As a means to provide some transparency, with regards to the non-novel products, Health Canada maintains a list of products, since 2012, where the producer has sought confirmation regarding the novel food status.

Again, the list is compiled as companies seek confirmation regarding its products’ status. Voluntary.

Despite its oft-limited authority regarding some issues, Health Canada is still a science-based agency.

It examines all available scientific literature regarding the use of gene editing technologies in plant breeding.

It also reviews expert opinions from industry, academia, and government sources.

It’s why Health Canada is confident to state that there is a consensus regarding gene editing technologies, that it presents no “unique safety concerns compared to other more conventional methods of plant breeding.

In its concluding remarks, Health Canada said: “The identification, characterization, and management of public health risks from food functions best when the focus of regulatory programs is on the final characteristics of products rather than the technologies used to make those products.

“The reason for this is that for a hazard to present a public health risk, the public must be exposed to the hazard. As is the case of chemical and physical mutagens used in plant development, so is the case of rDNA and gene editing technologies in regards to food safety. In none of these cases are people typically exposed to these technologies through food, rather it is the final characteristics of the food to which consumers are exposed.

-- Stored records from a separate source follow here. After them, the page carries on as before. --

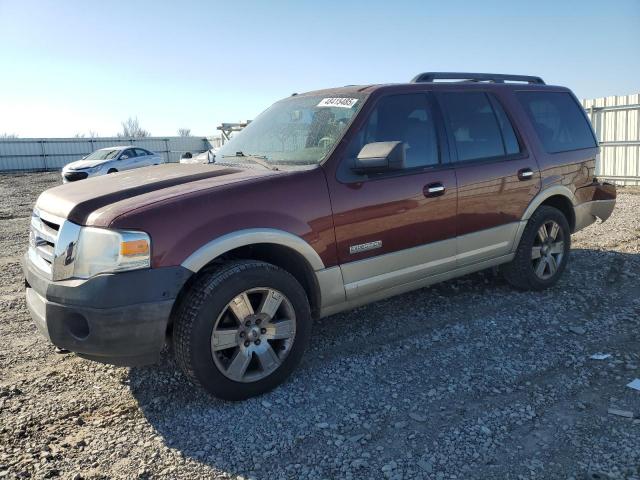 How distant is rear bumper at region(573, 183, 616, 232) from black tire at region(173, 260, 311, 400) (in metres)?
3.63

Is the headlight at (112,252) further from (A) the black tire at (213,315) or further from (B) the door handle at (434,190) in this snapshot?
(B) the door handle at (434,190)

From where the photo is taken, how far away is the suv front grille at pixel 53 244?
2928 mm

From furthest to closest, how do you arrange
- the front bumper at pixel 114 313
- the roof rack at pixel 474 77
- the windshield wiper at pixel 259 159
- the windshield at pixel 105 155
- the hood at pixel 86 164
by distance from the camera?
the windshield at pixel 105 155 < the hood at pixel 86 164 < the roof rack at pixel 474 77 < the windshield wiper at pixel 259 159 < the front bumper at pixel 114 313

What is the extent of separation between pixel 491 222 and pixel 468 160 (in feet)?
1.96

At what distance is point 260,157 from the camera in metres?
4.10

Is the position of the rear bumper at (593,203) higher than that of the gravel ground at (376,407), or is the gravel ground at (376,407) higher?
the rear bumper at (593,203)

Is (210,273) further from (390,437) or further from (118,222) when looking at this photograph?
(390,437)

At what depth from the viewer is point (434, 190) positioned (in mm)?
4059

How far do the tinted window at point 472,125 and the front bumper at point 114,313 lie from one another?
2590 millimetres

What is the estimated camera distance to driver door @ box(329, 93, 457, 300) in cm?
363

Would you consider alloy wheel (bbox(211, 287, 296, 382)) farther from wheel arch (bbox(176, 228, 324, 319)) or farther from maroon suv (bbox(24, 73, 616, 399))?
wheel arch (bbox(176, 228, 324, 319))

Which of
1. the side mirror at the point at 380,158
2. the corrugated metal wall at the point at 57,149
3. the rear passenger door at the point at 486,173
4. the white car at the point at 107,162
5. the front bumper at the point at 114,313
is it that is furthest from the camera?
the corrugated metal wall at the point at 57,149

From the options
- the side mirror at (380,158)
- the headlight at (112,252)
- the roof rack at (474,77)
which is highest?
the roof rack at (474,77)

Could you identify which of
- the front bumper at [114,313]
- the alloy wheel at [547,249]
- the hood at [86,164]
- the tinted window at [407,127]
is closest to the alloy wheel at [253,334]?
the front bumper at [114,313] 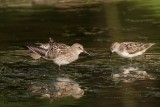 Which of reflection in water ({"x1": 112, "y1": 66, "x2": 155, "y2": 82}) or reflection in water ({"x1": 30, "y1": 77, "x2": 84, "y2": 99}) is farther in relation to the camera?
reflection in water ({"x1": 112, "y1": 66, "x2": 155, "y2": 82})

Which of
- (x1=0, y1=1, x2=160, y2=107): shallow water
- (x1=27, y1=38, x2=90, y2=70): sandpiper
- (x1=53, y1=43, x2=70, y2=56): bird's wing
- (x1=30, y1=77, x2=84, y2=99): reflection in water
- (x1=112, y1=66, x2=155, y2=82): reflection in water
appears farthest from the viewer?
(x1=53, y1=43, x2=70, y2=56): bird's wing

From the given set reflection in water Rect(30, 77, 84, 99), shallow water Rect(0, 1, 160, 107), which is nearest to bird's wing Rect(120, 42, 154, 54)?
shallow water Rect(0, 1, 160, 107)

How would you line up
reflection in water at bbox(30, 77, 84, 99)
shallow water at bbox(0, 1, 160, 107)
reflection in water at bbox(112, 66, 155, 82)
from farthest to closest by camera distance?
reflection in water at bbox(112, 66, 155, 82) → reflection in water at bbox(30, 77, 84, 99) → shallow water at bbox(0, 1, 160, 107)

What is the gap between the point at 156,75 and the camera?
14.6 metres

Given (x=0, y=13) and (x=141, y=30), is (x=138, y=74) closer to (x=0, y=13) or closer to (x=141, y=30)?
(x=141, y=30)

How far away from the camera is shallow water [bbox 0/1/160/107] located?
43.1 ft

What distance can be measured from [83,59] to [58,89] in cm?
320

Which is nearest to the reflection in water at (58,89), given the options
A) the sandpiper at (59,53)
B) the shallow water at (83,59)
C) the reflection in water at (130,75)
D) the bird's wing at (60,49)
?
the shallow water at (83,59)

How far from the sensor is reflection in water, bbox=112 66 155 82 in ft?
47.5

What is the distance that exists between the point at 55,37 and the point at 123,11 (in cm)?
545

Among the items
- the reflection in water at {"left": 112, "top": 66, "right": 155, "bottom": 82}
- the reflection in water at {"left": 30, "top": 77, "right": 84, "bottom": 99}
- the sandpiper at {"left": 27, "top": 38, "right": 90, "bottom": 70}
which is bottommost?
the reflection in water at {"left": 30, "top": 77, "right": 84, "bottom": 99}

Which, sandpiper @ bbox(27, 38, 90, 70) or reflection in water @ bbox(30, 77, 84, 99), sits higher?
sandpiper @ bbox(27, 38, 90, 70)

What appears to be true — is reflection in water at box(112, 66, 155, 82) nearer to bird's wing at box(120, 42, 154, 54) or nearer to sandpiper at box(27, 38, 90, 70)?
sandpiper at box(27, 38, 90, 70)

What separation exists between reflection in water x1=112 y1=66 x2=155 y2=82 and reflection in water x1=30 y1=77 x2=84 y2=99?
3.32ft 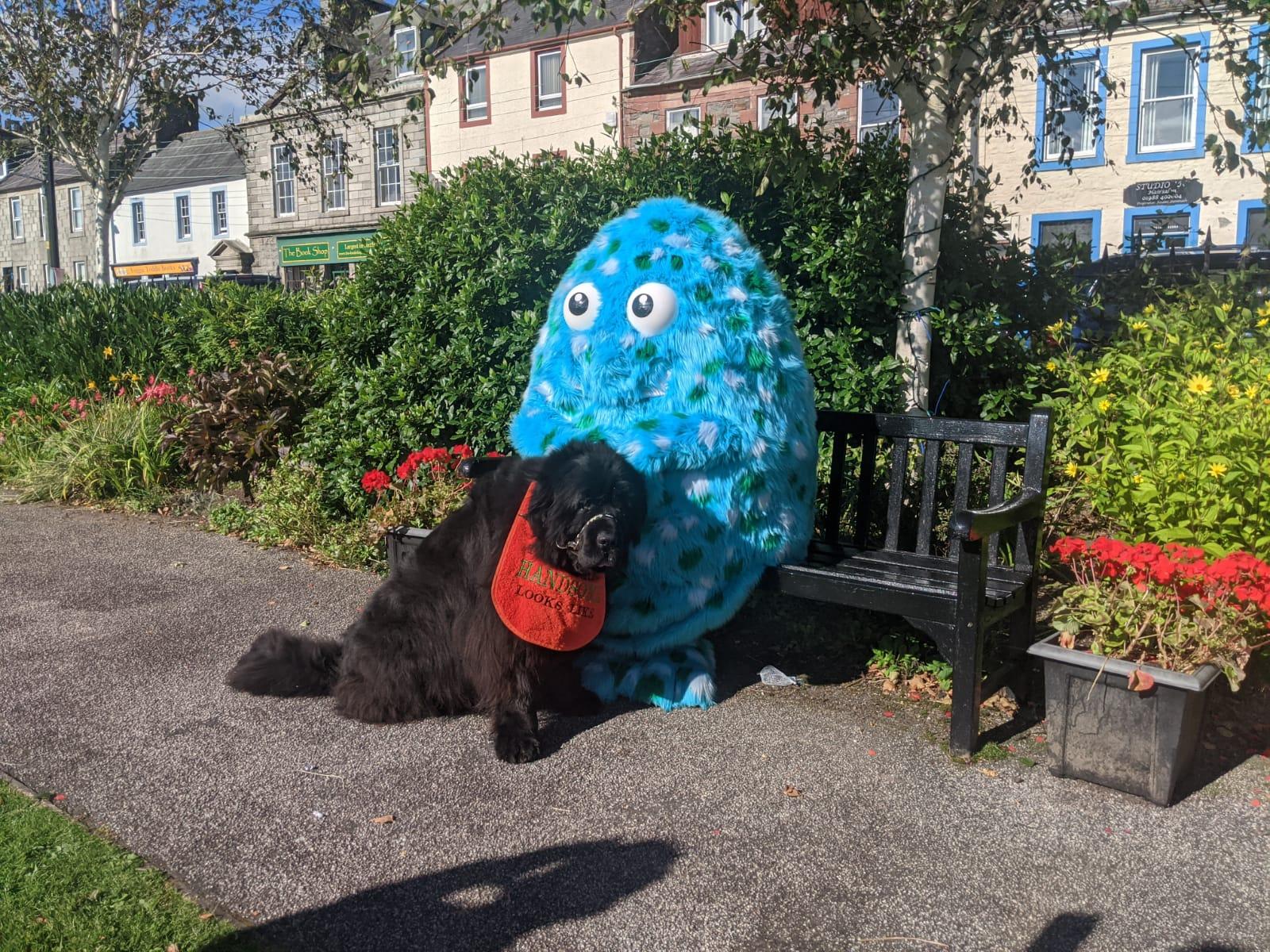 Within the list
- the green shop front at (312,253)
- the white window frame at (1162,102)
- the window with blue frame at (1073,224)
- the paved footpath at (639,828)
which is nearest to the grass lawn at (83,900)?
the paved footpath at (639,828)

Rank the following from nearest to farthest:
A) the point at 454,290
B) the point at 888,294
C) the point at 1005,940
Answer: the point at 1005,940, the point at 888,294, the point at 454,290

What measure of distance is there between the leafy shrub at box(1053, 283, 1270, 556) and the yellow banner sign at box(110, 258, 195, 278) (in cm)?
3725

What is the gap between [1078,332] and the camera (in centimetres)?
584

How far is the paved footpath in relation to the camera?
2.52m

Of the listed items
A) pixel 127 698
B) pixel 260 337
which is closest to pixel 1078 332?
pixel 127 698

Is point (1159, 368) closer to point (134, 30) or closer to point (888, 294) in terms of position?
point (888, 294)

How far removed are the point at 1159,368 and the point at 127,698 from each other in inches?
191

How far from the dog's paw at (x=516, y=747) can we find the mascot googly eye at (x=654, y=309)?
1.53m

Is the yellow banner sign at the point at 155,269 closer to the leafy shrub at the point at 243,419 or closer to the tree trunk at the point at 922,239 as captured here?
the leafy shrub at the point at 243,419

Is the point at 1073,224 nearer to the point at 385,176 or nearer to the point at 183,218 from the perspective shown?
the point at 385,176

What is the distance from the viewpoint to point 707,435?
3609mm

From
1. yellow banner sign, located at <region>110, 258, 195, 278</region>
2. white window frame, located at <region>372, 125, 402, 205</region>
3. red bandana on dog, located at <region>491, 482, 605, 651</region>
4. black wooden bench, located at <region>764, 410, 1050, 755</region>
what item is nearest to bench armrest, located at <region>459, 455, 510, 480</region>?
red bandana on dog, located at <region>491, 482, 605, 651</region>

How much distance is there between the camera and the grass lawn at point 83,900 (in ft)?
7.85

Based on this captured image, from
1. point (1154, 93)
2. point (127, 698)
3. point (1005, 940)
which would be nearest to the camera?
point (1005, 940) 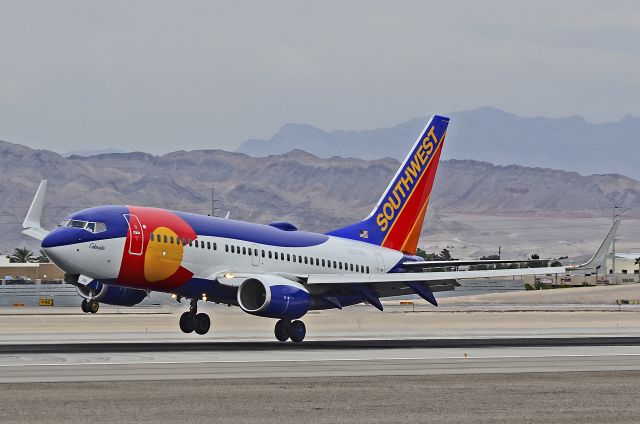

“Furthermore, while plant breeding has advanced significantly over the last two centuries, the basic plant breeding technologies of crossing and selection are still applied, even for products of rDNA and gene editing technologies. This matters in regards to managing food safety risks because conventional plant breeding technologies, like crossing and selection, are used to select against undesirable characteristics that could result in food safety risks. In rare instances where the undesirable characteristics cannot be eliminated due to genetic linkage or other confounding reasons, plant developers have a history of removing such products from further development altogether, thereby supporting food safety.

“As such, it is the scientific opinion of Health Canada that gene editing technologies do not present any unique or specifically identifiable food safety concerns as compared to other technologies of plant development.

“Therefore, gene-edited plant products should be regulated like all other products of plant breeding within the Novel Food Regulations (i.e., by the characteristics they exhibit and how these characteristics impact food safety).”

In other words, Health Canada will regulate gene-edited products of plant breeding in the same manner as all other types of bred plants.